Nos últimos anos, Barry Callebaut, Cargill e Olam, as três grandes indústrias de cacau do Brasil, vinham importando em média 50 mil toneladas de países africanos para somar ao volume do mercado interno. Neste ano, o volume comprado de fora atingiu seu menor número em cinco anos: 11.034 toneladas no acumulado de janeiro a outubro. Em setembro e outubro, a importação foi zero.
Segundo a Associação das Indústrias Processadoras de Cacau (AIPC), representante da três multinacionais que ficam na cidade de Ilhéus (BA) e que processam cerca de 95% das amêndoas produzidas no país, a tendência é receber mais cacau nacional, comprado especialmente da Bahia, Pará, Espírito Santo e Rondônia.

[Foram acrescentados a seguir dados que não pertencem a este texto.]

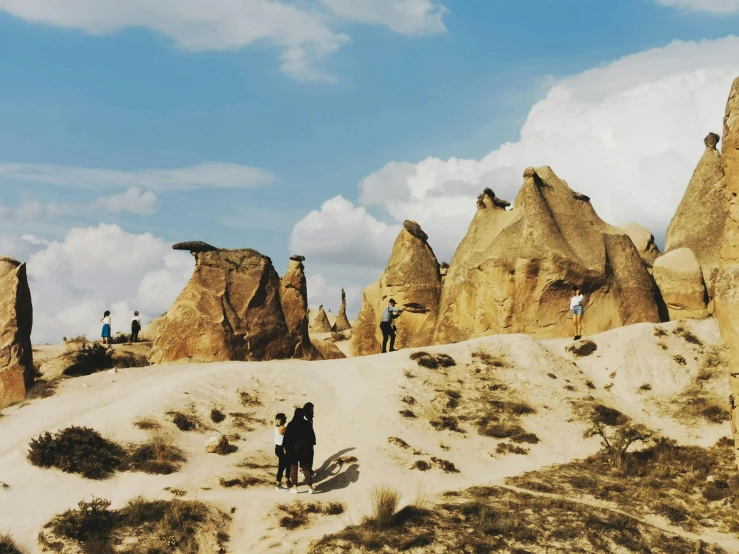 three people walking along a road through tall rock formations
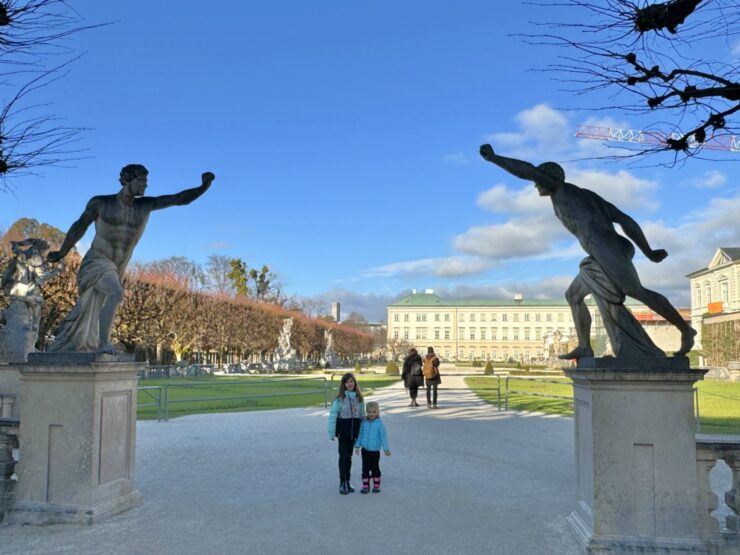 Winter family fun in Salzburg visiting the Mirabell gardens, a Sound of Music scene location in Salzburg, Austria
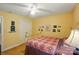Bedroom with a white closet door, ceiling fan, and multiple wall decor pieces at 185 Eastcliff Se Dr, Concord, NC 28025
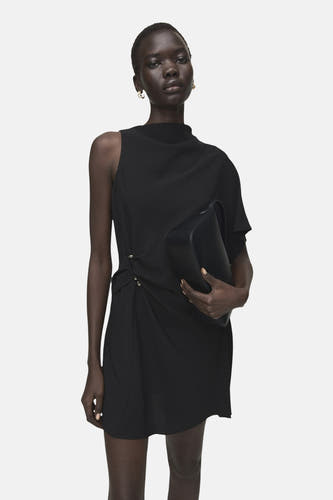 Robe noire sans manches de MANGO, avec une épaule dénudée, jupe courte et talons.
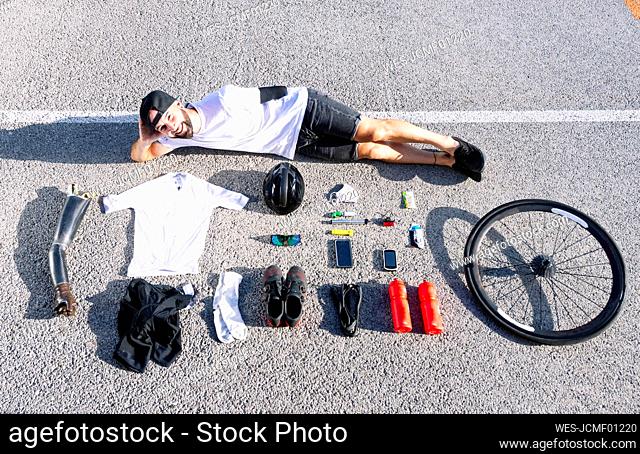 Smiling male adaptive athlete with various objects lying on road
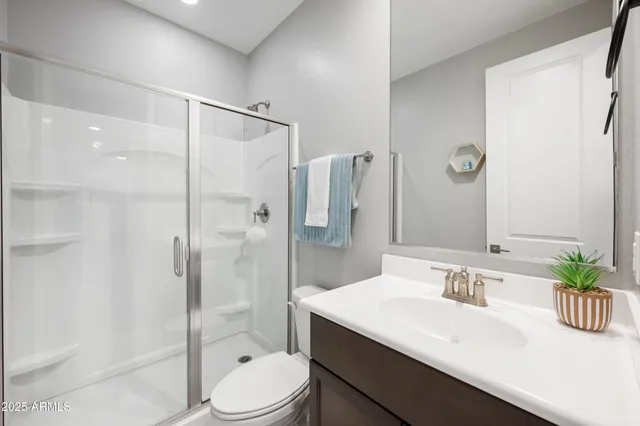 a bathroom with a double vanity sink mirror and double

Em entrevista ao Globo Rural, a diretora-executiva da AIPC, Anna Paula Losi, disse que a importação de cacau é menos interessante para as indústrias. Custa mais caro pela questão logística, tributária e pela necessidade cada vez maior de rastreabilidade da produção. Por razões fitossanitárias, procedimentos para controle das pragas quarentenárias em produtos vegetais e subprodutos de madeira, o Brasil não pode importar cacau dos países sul-americanos como Equador e Peru. Quase todo o volume comprado de fora vem de Gana e Costa do Marfim, e uma pequena parte da Indonésia.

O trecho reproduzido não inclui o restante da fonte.